A good friend, who has been at this longer than me, contributed this version of the code, which uses an implicit constructor. He notes that it probably isn't a great idea to do this in large scale production code. The proliferation of implicit constructors can lead to some truly bizarre behavior due to unintended conversions. Still, it does nicely simplify some of the code from my previous example:

import java.io._
import Console._
import Math._

object ReservoirSampleImplicit {
  implicit def readerToStream(r: BufferedReader) : Stream[String] = {
      val line = r.readLine()
      if (line == null)
          Stream.empty
      else
          Stream.cons(line, readerToStream(r))
  }

  def main(args: Array[String]) : Unit = {
      val k: Int = args(0).toInt
      val r = new BufferedReader(new FileReader(args(1)))

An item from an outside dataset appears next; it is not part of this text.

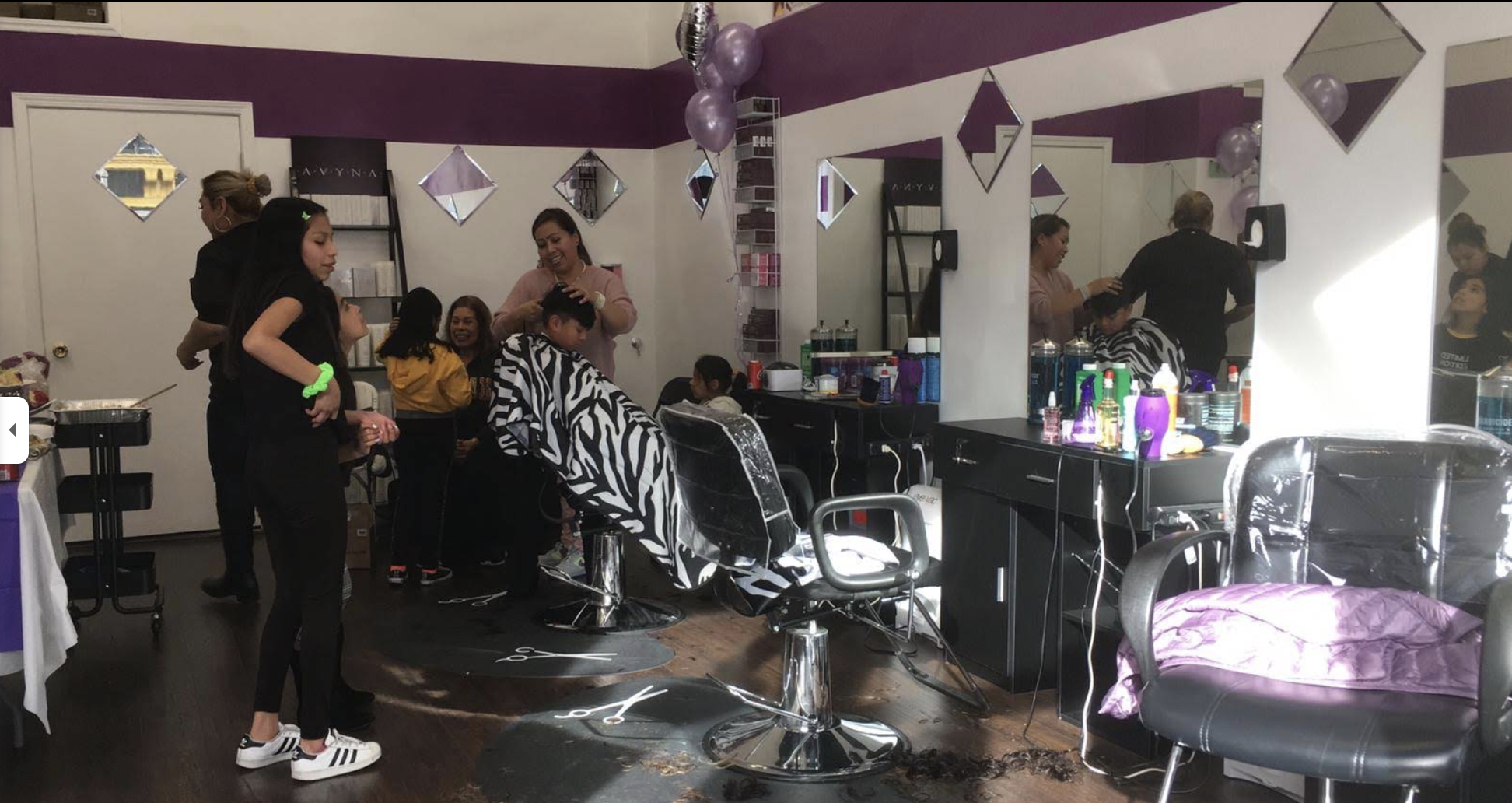 Team of barbers at Golden Beauty Barbershop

      def algorithmR(p: (Int,Array[String]), e: String) : (Int, Array[String]) = {
          val (i,a) = p

          if (i < k)
              a(i) = e
          else if (random < (k.toDouble/i.toDouble))
              a((random * k.toDouble).toInt) = e

          (i+1,a)
      }

      val (_,rs) = r.foldLeft (
          (0, new Array[String](k))
      ) (algorithmR)

      for (val r <- rs) println(r)
  }
}
That's it for now. I'm going to try to tackle some of Scala's Actor libraries for the next week or so. I'll post here if I come up with any interesting applications of them. If you know Scala and have a better way to solve the Reservoir Sampling problem, I would love to hear about it. Scala is a huge language with a lot of features, and I don't feel like I've even started to explore the space of possible ways to solve this problem using it.